AMD emphasized the importance of consistency across its product line in regard to security and highlighted that with the release of Carrizo, all of the APUs AMD builds now have the same level of cryptographic protection. The company sees a future where secure applets will be created that execute directly on the security chip. This is only possible with commonality across the product line.
Heterogeneous System Architecture 1.0
AMD has been working towards full HSA 1.0 specification support for some time now. Kaveri gave us an early look at what the technology can do. The GPU and CPU cores were able to access all available memory, up to a limit of 32 GB, but memory allocated to the CPU cores was segregated from memory allocated to the GCN cores. If a workflow demanded both GCN and CPU cores, then memory had to be mirrored, rather than properly shared.
The full HSA specification allows memory access equally across all 12 compute cores. Now, large workloads being sent to the GCN cores aren't limited to allocated graphics memory. All system memory is available to work with, and the CPU cores can see the same workload at the same time.
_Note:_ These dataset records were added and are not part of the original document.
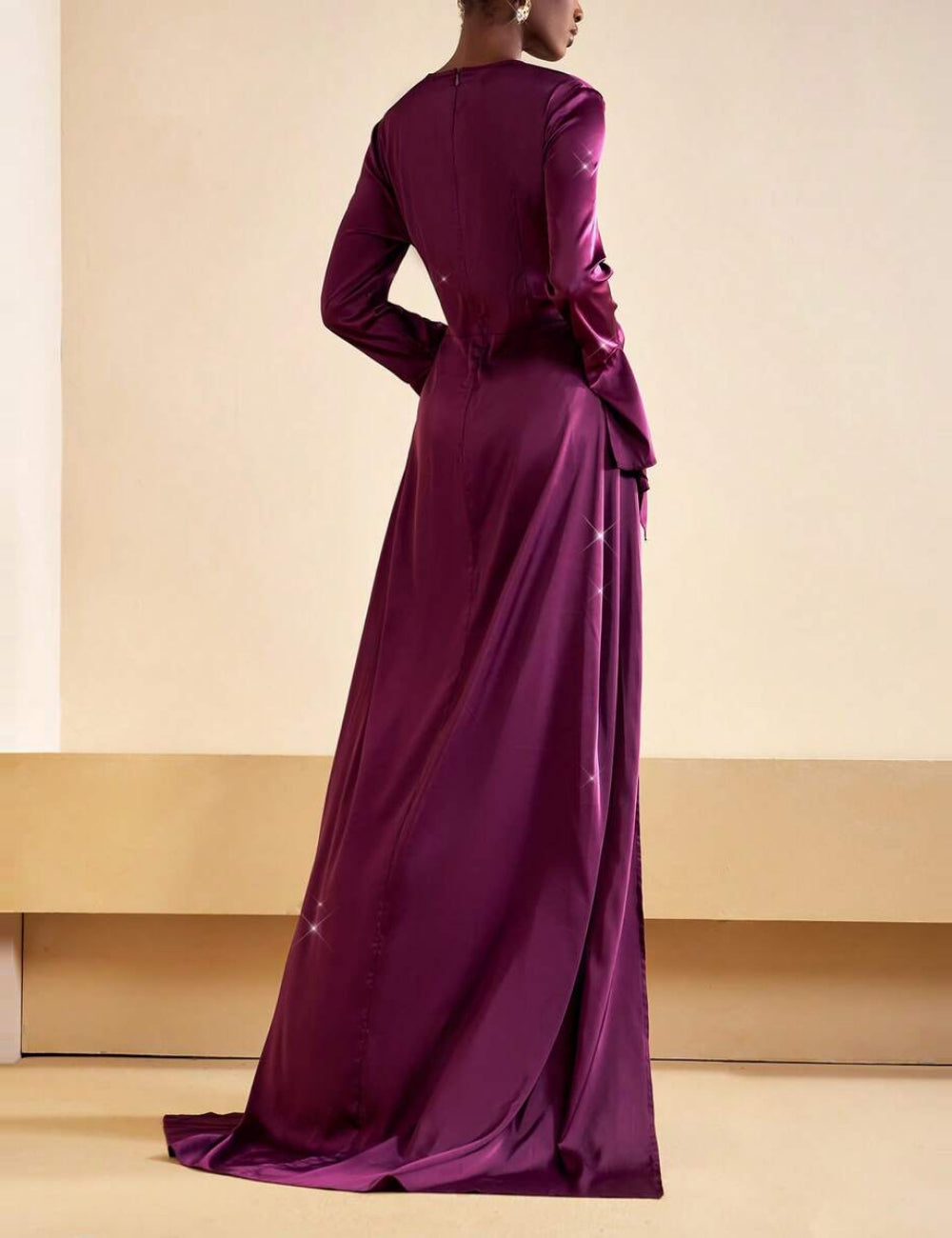 Shein maxi ruha, lila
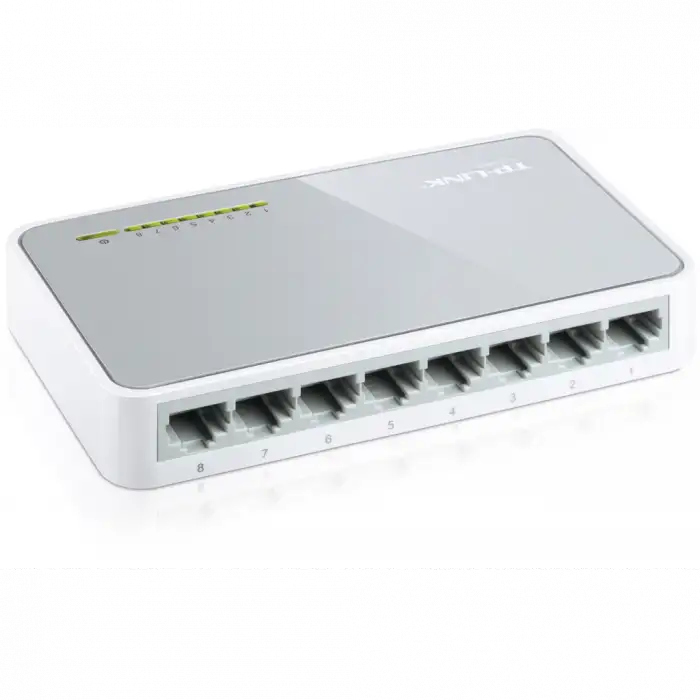Tp-lınk Tl-sf1008d, 8 Port, Megabit, Yönetilemez, Masaüstü Switch
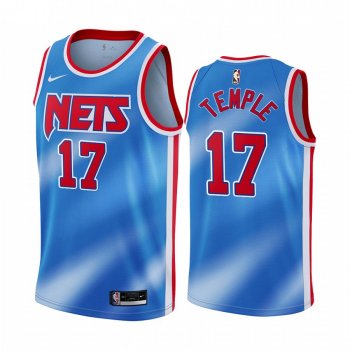 Garrett Temple Brooklyn Nets Blue Classic Edition New Uniform 2020-21 Jersey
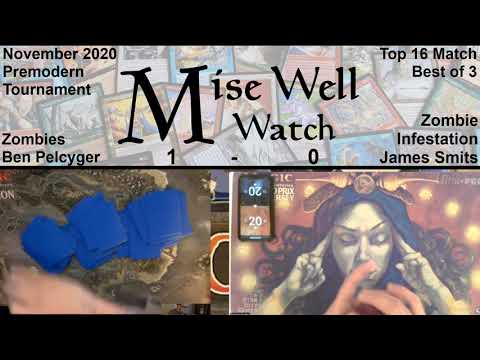 November 2020 Premodern Monthly - Top 16 Match - Zombies vs Zombie Infestation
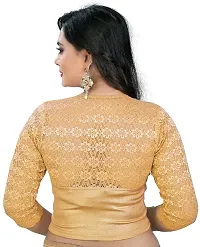 Stylish Beige Cotton Blend Blouses For Women-thumb1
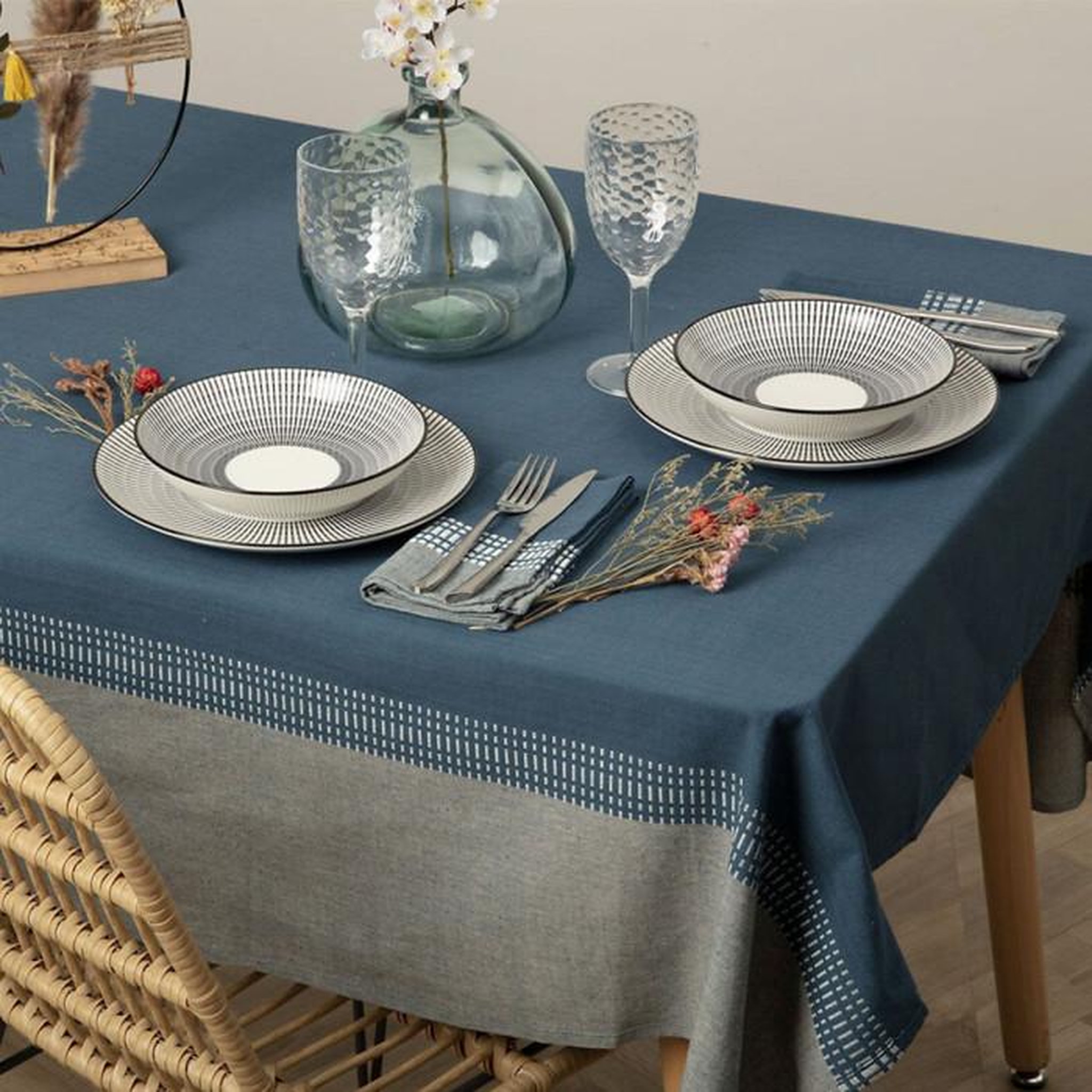 Voir la diapositive 3 : ATMOSPHERA Nappe d'intérieur en coton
The ability to create and dispatch work equally between CPU and GPU cores is one of the main advantages of HSA. These two processing units handle very different workloads and are very much mismatched. One core is optimized for scaler, and the other is optimized for vector. Both cores have to be able to pass work back and forth, but with rigid connections between the two, they tend to fight each other.
This is where a driver would normally get involved, but a driver acting as task manager in this case would slow the work down. AMD employs heterogeneous queuing (hQ) here, and described these queues as rubber bands connecting the data paths between cores. This provides the flexibility for the workloads to mismatch, yet neither side will run out of work.
Popular programming languages Java, C++ AMP, and Python are all accelerated by Carrizo, and with their widespread use, it should make harnessing it and future HSA processors simple for developers that use these platforms today.
Simultaneously Handles Compute And 3D Graphics
The graphics units in an APU are expected to do two very different tasks: 3D graphics and compute. To do that, there needs to be an efficient way for the GCN unit to switch between the two tasks on the fly.
Context switching is the ability to push tasks aside into a save state to make room for a different task. This is not a new idea; your CPU has been doing this forever. Take a look at the processes running in the background of Windows. Imagine requiring a core for each process running. You'd need a CPU with thousands of cores in that scenario. Context switching is the reason you don't. It enables the ability to pass work between processors quickly.
Context switching on a CPU is an accepted practice, and AMD wants the same to be true for APUs. To do that, it had to overcome a few problems. Most notably, 3D graphics carry a lot of data, and switching state means pushing all of it to the side. Compute, on the other hand, doesn't need that much space, and therein lays the solution AMD pursued.
3D state gets pushed aside, but the 3D pipeline is much larger than compute workloads. Most of the data can remain stored in the pipeline, while the space needed is switched for compute data. Compute workloads can context switch independently from the 3D data until it’s time to bring 3D back. All of this is done in the background with no interruptions.
So What Does This All Mean?
AMD's new processor holds plenty of promise on paper. The level of productivity that can be achieved with an HSA-enabled platform has yet to be demonstrated, but it's easy to see it could have a dramatic positive affect.
We have actually seen first-hand what Carrizo can do, and feel like this will be a game changer for the mobile market. It lays the foundation for a future of very efficient, very powerful HSA enabled processors.